Ein Frontier-Modell als Standard wirkt einfach. Es vermeidet frühe Routingentscheidungen und liefert in Demos häufig gute Resultate. Im Betrieb bedeutet diese Wahl aber, dass Klassifikation, Extraktion, Recherche und komplexe Entscheidungen dieselbe Kosten- und Latenzklasse verwenden.
Gutes Routing beginnt nicht mit einer Preisliste. Es beginnt mit klar getrennten Aufgabentypen und einer messbaren Qualitätsgrenze.
Aufgaben statt Abteilungen routen
"Marketing" oder "Support" sind keine Modellrouten. Innerhalb einer Abteilung gibt es sehr verschiedene Aufgaben: Sprache erkennen, Felder extrahieren, Dokumente zusammenfassen, Antworten entwerfen oder eine sensible Empfehlung begründen.
Definieren Sie Routen nach der konkreten Arbeit. Je enger der Aufgabentyp, desto besser lassen sich Qualität, Kosten und Fehler messen.

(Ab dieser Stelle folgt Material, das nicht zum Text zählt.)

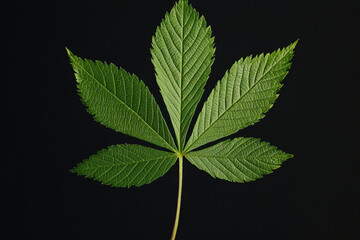 Chestnut Leaf - A long, serrated leaf with prominent veins, elongated with sharp, jagged edges, turning golden yellow to orange in autumn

Vier Kriterien für eine Route
Eine Route sollte mindestens berücksichtigen:
- Schwierigkeit und benötigte Reasoning-Tiefe,
- Auswirkung eines Fehlers,
- Datenklasse und erlaubte Provider,
- Latenz- und Kostenbudget.
Kontextlänge, Tool Calling und strukturierte Ausgaben kommen als technische Anforderungen hinzu. Ein günstiges Modell ist keine Option, wenn es das benötigte Ausgabeformat nicht stabil erfüllt.

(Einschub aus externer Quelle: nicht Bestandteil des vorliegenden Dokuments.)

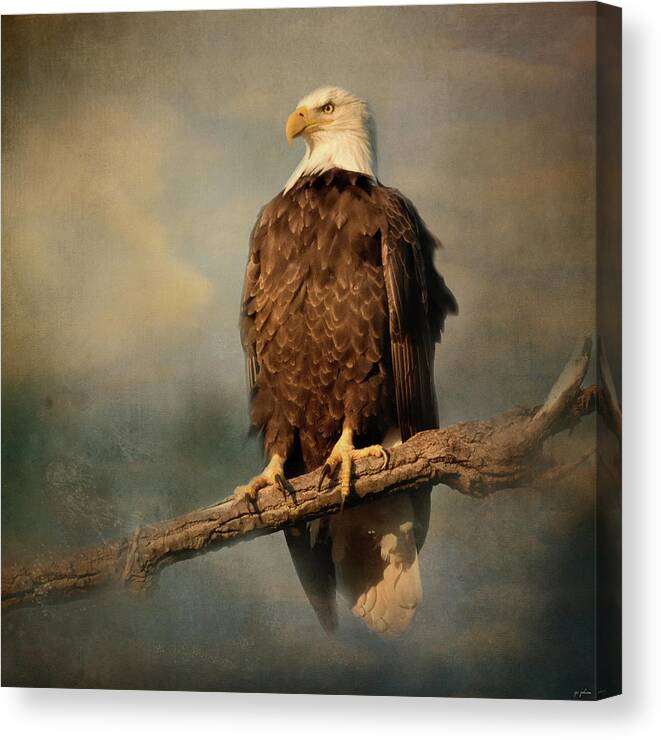 Bald Eagle Canvas Print featuring the photograph Sky Master by Jai Johnson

Erst evaluieren, dann routen
Erstellen Sie pro Aufgabentyp ein kleines, realistisches Evaluationsset. Es sollte normale Fälle, schwierige Fälle und klare Ausschlussfehler enthalten. Vergleichen Sie Modelle auf denselben Eingaben und mit derselben Bewertung.
Routen Sie nur innerhalb einer akzeptierten Qualitätsgrenze nach Kosten. Wenn ein Modell häufiger Retries oder menschliche Korrekturen erzeugt, kann es trotz niedriger Tokenpreise teurer sein.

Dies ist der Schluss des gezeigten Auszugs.